Load packages to support analysis.


In [95]:
%matplotlib inline
import numpy as np
import matplotlib.pyplot as plt
import pandas as pd
import seaborn as sns
sns.set(style="white",rc={"figure.figsize": (8, 4)})
import urllib2

Load the data from the URL, then add some additional information we'll need later. We'll code the day of the week the violation occurred as violation_date_weekday and the number of days elapsed between the date of the violation and the closure of the violation as issue_lag.


In [73]:
data = pd.read_csv(urllib2.urlopen('http://forever.codeforamerica.org/fellowship-2015-tech-interview/Violations-2012.csv'),parse_dates=['violation_date','violation_date_closed'])

# Get the day of the week
data['violation_date_weekday'] = data['violation_date'].apply(lambda x:x.weekday())
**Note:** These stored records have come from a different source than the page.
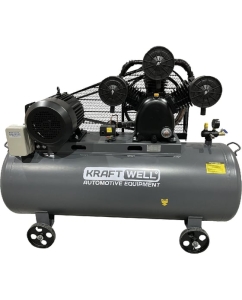 Купить Поршневой компрессор KraftWell 950 л/мин, 10 бар, 300 л, 380В, сеть 380 В, произв-ть 950 л/мин, объем ресивера 300 л, в комплекте KRW-AC950-300L в E-mobi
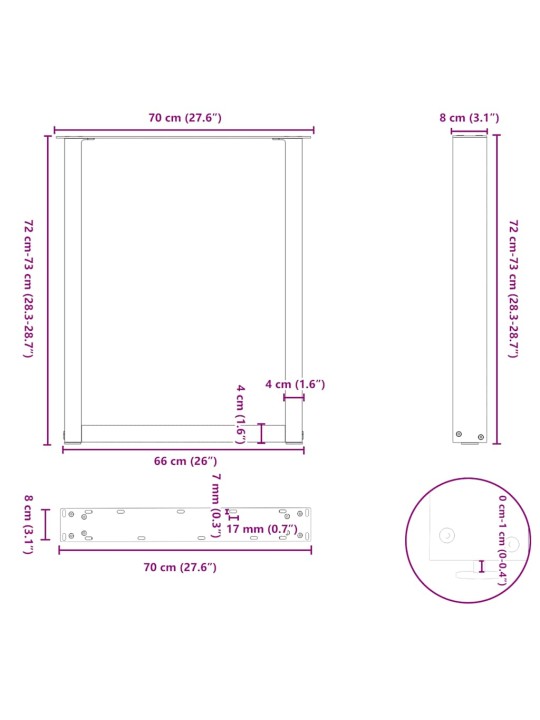 Kohvilaua jalad, u-kujuline, 3 tk, must, 70x(72-73) cm teras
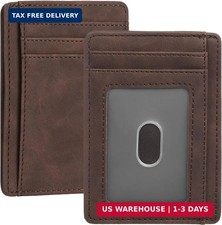 Compact Slim Minimalist Front Pocket RFID Blocking Wallet for Men and Women Leat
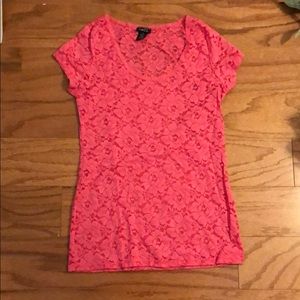 Rue21 Pink Lace Shirt Women’s Size XL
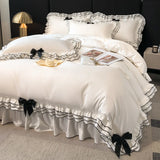 Gaeaspace   -  Korean Style Lace Ruffles Princess Bedding Set, Duvet Cover, Bed Skirt, Fitted Sheet, Flat Sheet, Pillowcases, Black Bow, White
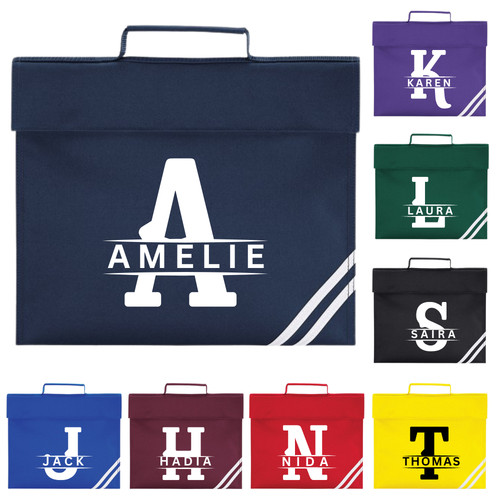 Personalised named book bag - book,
# Get the number of days elapsed from date to closure, convert from numpy.timedelta64 to int
data['issue_lag'] = (data['violation_date_closed'] - data['violation_date']).apply(lambda x:x/np.timedelta64(1,'D'))

# Summarize
data.head()


Out[73]:
violation_id inspection_id violation_category violation_date violation_date_closed violation_type violation_date_weekday issue_lag
0 204851 261019 Garbage and Refuse 2012-01-03 2012-02-02 Refuse Accumulation 1 30
1 204852 261019 Unsanitary Conditions 2012-01-03 2012-02-02 Unsanitary conditions, not specified 1 30
2 204853 261023 Garbage and Refuse 2012-01-03 2012-01-17 Refuse Accumulation 1 14
3 204854 261023 Garbage and Refuse 2012-01-03 2012-01-17 Refuse Accumulation 1 14
4 204858 261029 Garbage and Refuse 2012-01-03 2012-03-12 Refuse Accumulation 1 69

Now let's plot the cumulative number of violations across the different violation_category types over time. The Animals and Pests category has the most total violations by the end of the year, followed by Garbage and Refuse.


In [96]:
data_gb_category = data.groupby('violation_category')
summary_df = pd.DataFrame(index=pd.date_range(start=data['violation_date'].min(),end=data['violation_date'].max()))
for group in data_gb_category.groups.keys():
    group_data = data_gb_category.get_group(group)
    summary_df[group] = group_data.groupby('violation_date').agg({'violation_id':len})
    
summary_df.fillna(value=0).cumsum().plot(colormap='jet')


Out[96]:
<matplotlib.axes.AxesSubplot at 0x27098e80>

We can examine if there are any differences in violation_category by day of the week. Each violation has a set of 5 colored bars, reflecting the 5 days of the work week (Dark Green (0) is Monday, Red (4) is Friday). The distribution of violations is not evenly distributed throughout the week: several of the violations have mid-week peaks. This suggests several possible mechanisms. First, people may be more sensitive to violations in the middle of the week compared to the beginning or end of the week. Second, enforcement of regulations may drop off in the middle of the week which leads to more reporting of violations. Third, we have no base rates of overall activity in the city so observed violations may be a constant fraction of activity, but activity peaks mid-week so violations do as well.


In [105]:
sns.factorplot('violation_category',hue='violation_date_weekday',data=data,palette='Spectral_r')
plt.xticks(plt.xticks()[0],rotation=90)
plt.xlabel('')
plt.ylabel('Violations')


Out[105]:
<matplotlib.text.Text at 0x2b6c7ef0>

Finally, we look at the distribution of the issue_lag variable, which captures the time elapsed between the reporting of a violation to its closure. Some violations may be easier to address and solved in less time, but there may also be systematic biases towards solving some violations quickly and others more slowly. Chemical Hazards take upwards of 80 days on average to close while Biohazards take less than 20 days on average to close.


In [107]:
sns.factorplot('violation_category','issue_lag',data=data,kind='bar')
plt.xticks(plt.xticks()[0],rotation=90)
plt.ylabel('Time lag (days)')
plt.xlabel('')


Out[107]:
<matplotlib.text.Text at 0x2bb02390>

In [ ]: